YOUR OBJECTIVE: Your copy of the data should leave out the images and match everything else exactly.

GIVEN INFORMATION:
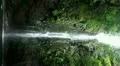 Waterfall verticale 0110426 143751 HD Footage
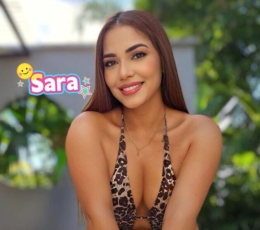 新到年轻漂亮的欧美女生，本人照片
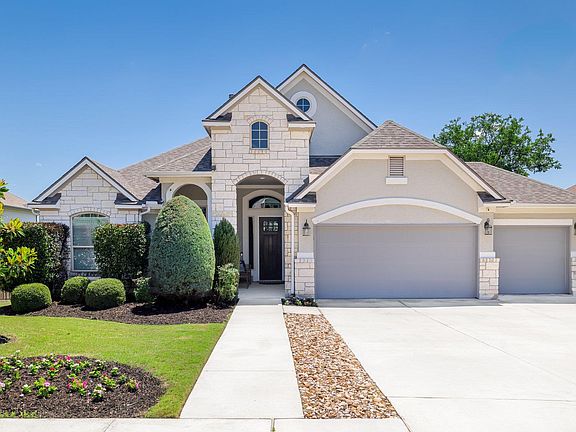 4th image of 309 Rancho Sienna Loop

ANSWER TO THIS EXERCISE:
 Waterfall verticale 0110426 143751 HD Footage
 新到年轻漂亮的欧美女生，本人照片
 4th image of 309 Rancho Sienna Loop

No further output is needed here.